Description of the task: When you transcribe the listing that follows, keep every line exact and omit the pictures.

#### Excerpted data

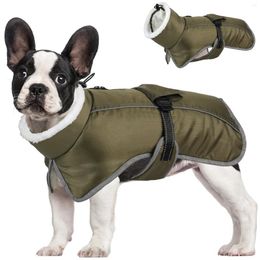 Dog Apparel Winter Pet Clothes Warm Big Coat Puppy Clothing Waterproof Vest Jacket For Large Supplies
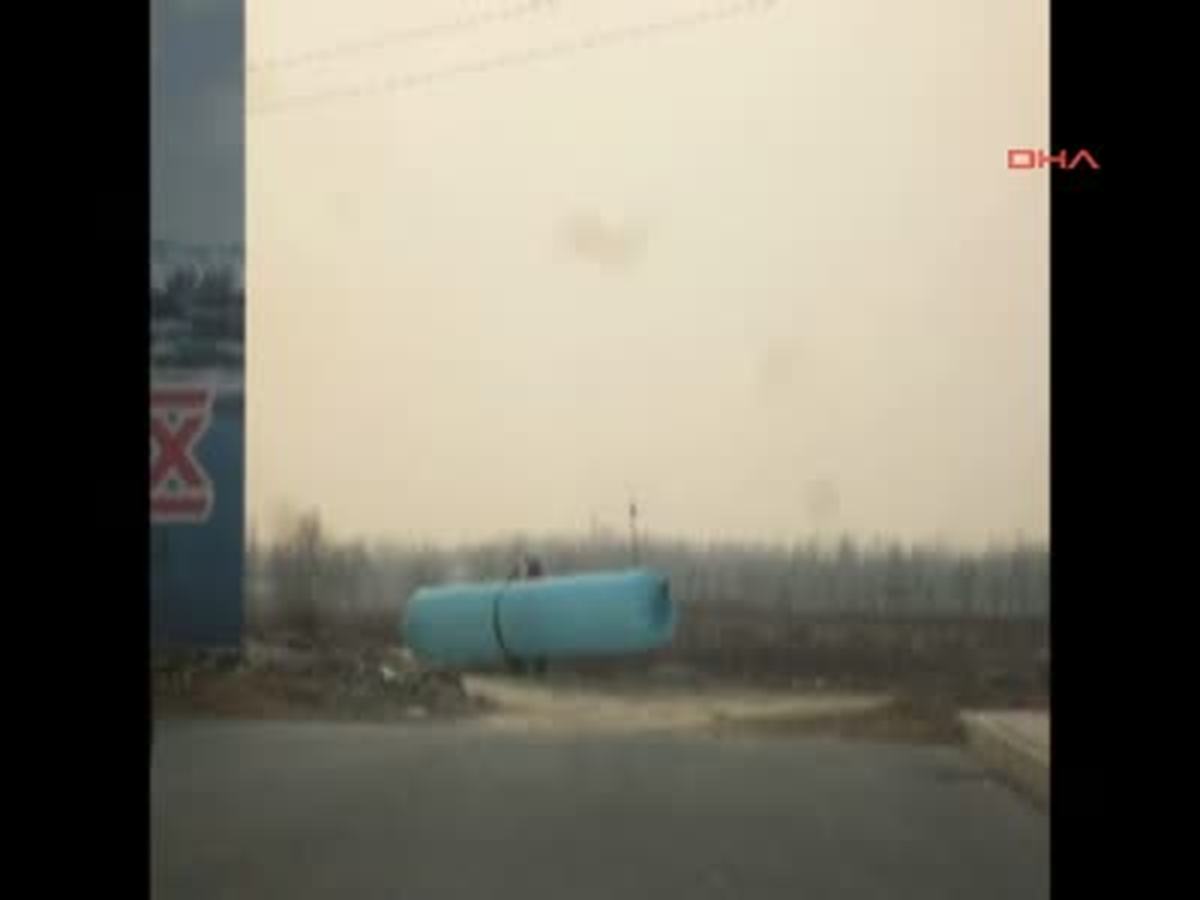 Gazı Balonla Taşıdılar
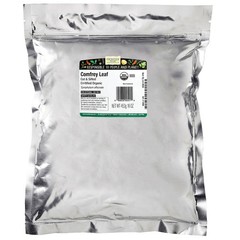 Organic Comfrey Leaf, Cut & Sifted , 16 oz (453 g)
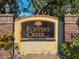 Charming brick and stucco sign for Foster's Creek, adding a touch of elegance to the neighborhood entrance at 7209 49Th E Pl, Palmetto, FL 34221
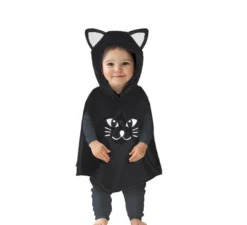 Poncho a forma di gatto per neonati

########

Result:
 Dog Apparel Winter Pet Clothes Warm Big Coat Puppy Clothing Waterproof Vest Jacket For Large Supplies
 Gazı Balonla Taşıdılar
 Organic Comfrey Leaf, Cut & Sifted , 16 oz (453 g)
 Charming brick and stucco sign for Foster's Creek, adding a touch of elegance to the neighborhood entrance at 7209 49Th E Pl, Palmetto, FL 34221
 Poncho a forma di gatto per neonati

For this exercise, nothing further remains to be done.